Таким образом, закладывалась основа окрепшего в последующие годы подхода к обучению, когда школа была обязана «тащить» бездельников и двоечников, ибо за «отсев» с нее строго взыскивали руководящие инстанции. Дети «антисоветских элементов» порой исключались из школы, в некоторых случаях это происходило в результате вмешательства органов ГПУ и ВКП(б).
Система доносительства не обошла и школу. В фонде Пентти Ренвалла сохранились, например, доносы некоторых учителей на своих коллег. Из отдельных писем учителей в Наркомпрос явствует, что компенсацией за их согласие работать информаторами было обещание покровительства со стороны чиновников. Учителя были обязаны сигнализировать об антисоветских настроениях среди детей, о каких-либо политически вредных высказываниях.
Судя по сводкам ГПУ, в поле зрения спецорганов оказывались случаи обстрела из рогаток портретов вождей в школах, появление в стенгазетах или устный пересказ антисоветских стихов и частушек, а с середины 1930-х гг. — также и пение финских национальных песен, «возвеличивающих бродяг и кулаков». Например в записке Пряжинского РО НКВД от 21 января 1937 г. излагалась выявленная спецорганами цепочка распространения учениками Корзинской средней школы следующей частушки: «Ах, Семеновна, да юбка в клеточку, выполняй, Семеновна, пятилеточку, Если не выполнишь — под суд отдадут и четыре годика принуд. работ дадут»
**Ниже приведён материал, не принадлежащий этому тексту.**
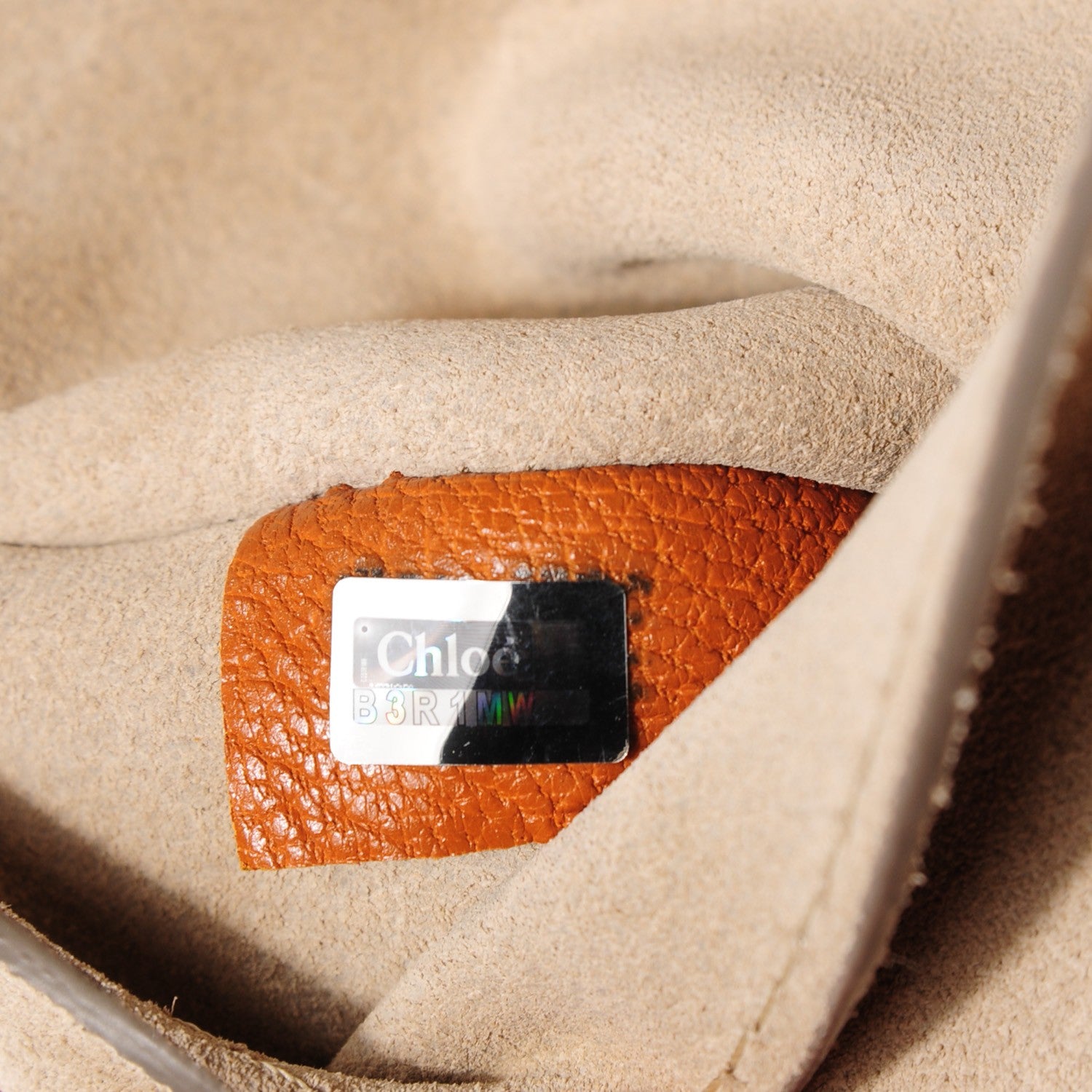 Chloe Grained Lambskin Drew Shoulder Bag Caramel 8 of 9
Попытки учителей скрыть политически окрашенные проступки детей влекли за собой серьезные последствия. Детская наивность или шалость нередко оказывалась причиной увольнения учителей, когда становилось известно, что не приняты достаточные меры по поводу «политически незрелой» заметки ученика в стенгазете или русиливавшихся поисков врага и нагнетания всеобщего страха.
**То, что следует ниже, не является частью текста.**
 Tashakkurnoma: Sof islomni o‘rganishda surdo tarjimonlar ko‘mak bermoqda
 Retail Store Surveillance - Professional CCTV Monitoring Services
Апогеем этой политики стал террор 1937 гг. Были арестованы многие учителя, в первую очередь финны, обвинявшиеся в буржуазном национализме. В 1937/38 учебном году Наркомпрос Карелии отстранил от работы в школе 492 человека, из них 214 человек были уволены по итогам аттестации, в том числе с формулировкой «вредительское отношение к аттестации». По другим причинам было уволено 278 человека, в том числе: «врагов народа», репрессированных органами НКВД — 62; «буржуазных националистов» — 5; «за связь с врагами народа» — 17; «за дискредитацию звания советского учителя» — 38; «за трудовое дезертирство» — 24; «как не владеющих русским и карельским языками» — 72; «как не справившихся с работой» — 65 человек. Особенно пострадали учительские кадры в пограничных районах. Подверглись репрессиям и сотрудники различных звеньев управления народным образованием. В Наркомате просвещения в 1937 г. были сняты с работы 14 руководящих работников, были также арестованы или уволены 13 из 21 заведующих РОНО.
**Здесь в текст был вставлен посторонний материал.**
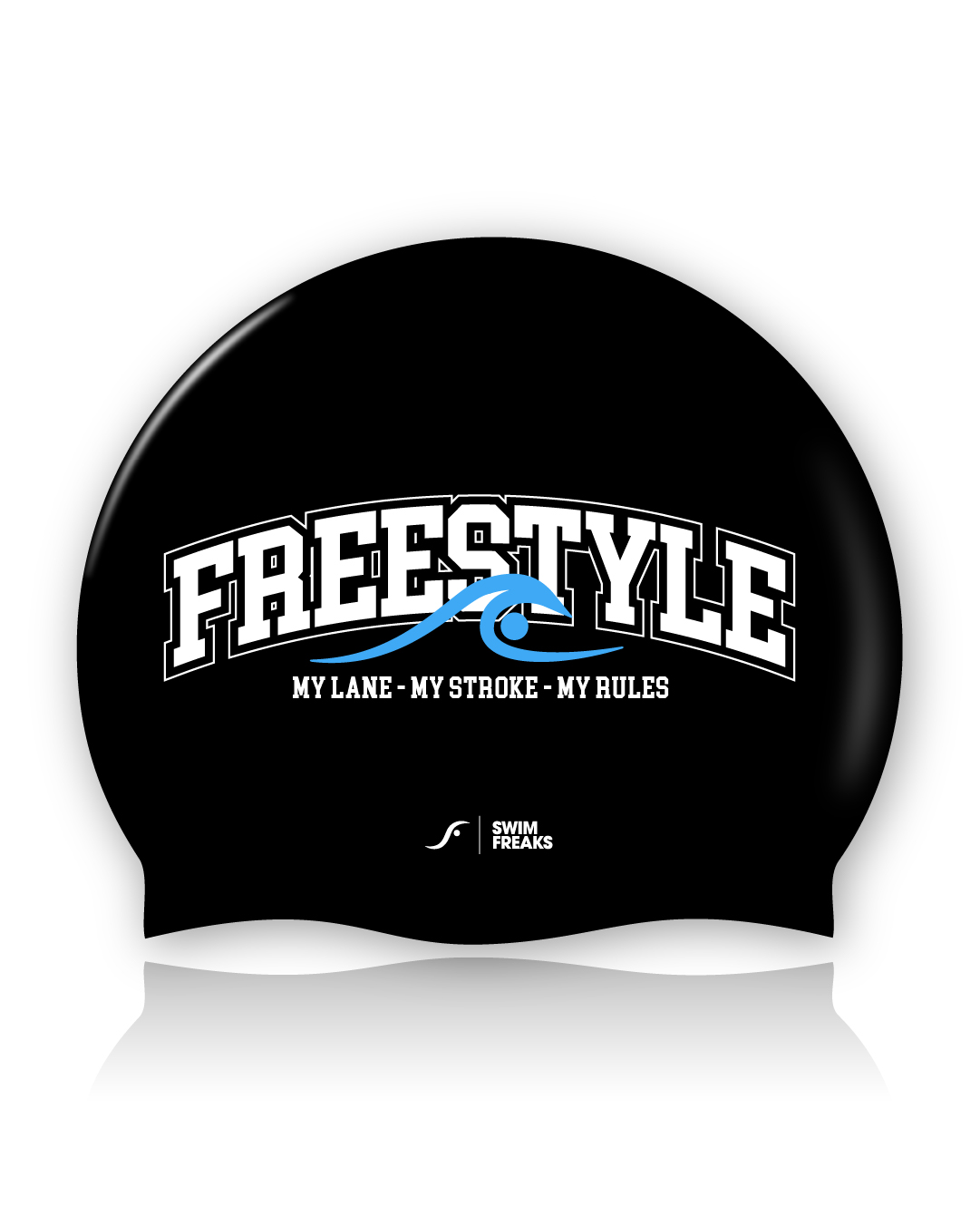 Freestyle / Freistil - Badekappe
Непоследовательность органов власти в проведении национально-языковой политики вызывала дополнительную напряженность в школе. Репрессии в отношении учителей-финнов, изгнание финского языка из школы и отсутствие на местах объяснений происходящего, — все это привело к тому, что учителя боялись начинать преподавание на карельском языке, а студенты-карелы опасались, что, как и финнам, им не дадут учиться. Русские учителя, теперь старались не общаться с учителями-карелами.
С мест поступала информация о том, что в некоторых школах «русские учителя сидят в отдельной комнате от учителей-карелов, как будто у них нет ничего общего».
Попытки местного населения выступать с просьбой ввести для карельских детей обучение на родном языке провалились и в 1940 году сначала обучение, а потом другое использование карельского языка в Карелии было официально под запретом.
Дегуманизация школы, как и культуры в целом, шла по всем направлениям. Политизация школы и учительства осуществлялась в ущерб качеству знаний. Впечатление от роста численности учебных заведений и от увеличения грамотного населения в Карелии 1920— 1930-х гг. меркнет на фоне нравственных потерь школы того времени.